The history of the CEF began with a single company. Large-scale lumbering in Ashley County followed the 1899 incorporation of the Crossett Lumber Company (CLC). By 1902, a growing CLC consumed incredible quantities of pine and hardwood. Lumbering continued unabated well into the 1920s, when it became obvious that the virgin timber was running out. The CLC was facing the choice of either changing its practices and engaging in sustainable forestry or going out of business. However, even with the help of Yale University professor Herman Haupt Chapman and the efforts of company foresters, too little was known about the silviculture of loblolly and shortleaf pine forests to manage the lands effectively.

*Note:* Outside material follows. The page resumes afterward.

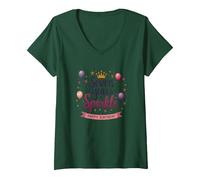 Seven Years of Sparkle Happy Birthday Princess Party V-Neck T-Shirt, Women, Forest Green, S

To address this lack of information, the CLC began working with the Southern Forest Experiment Station of the USDA Forest Service. In July 1930, the experiment station hired Russell R. Reynolds, a recent University of Michigan forestry graduate, to conduct inventories and help landowners develop sustainable forestry plans. Two years later, Reynolds and the experiment station assisted the Ozark-Badger Lumber Company of Wilmar (Drew County), and Reynolds became familiar with the CLC. Around this time, Albert E. Wackerman, one of the first CLC foresters, came to work for the experiment station. Both the CLC and the experiment station recognized the opportunity for Reynolds and Wackerman to help manage the CLC’s timberland, including their last 25,000 acres of virgin pine.
Reynolds moved to Crossett (Ashley County) in August 1933 and immediately began work with a local Civilian Conservation Corps (CCC) crew inventorying and marking timber for the CLC. Reynolds also supervised studies of partial harvests of southern pines and the use of trucks in logging. As valuable as these initial studies were, an experimental forest was also needed for properly controlled long-term research. In the fall of 1933, Reynolds and Wackerman searched for a suitable location on the CLC’s cutover land. Approximately seven miles south of Crossett, the boundary of the new Crossett Experimental Forest was laid out in October 1933. This 1,680-acre parcel had been cut before 1920 by loggers from the Hickory Grove Camp of the CLC. The CLC agreed to a long-term arrangement with the experiment station that gave the Forest Service the land in exchange for the standing volume of the timber and a promise to conduct research continually on the site for the next fifty years. A warranty deed finally conveyed the property to the government on August 2, 1934.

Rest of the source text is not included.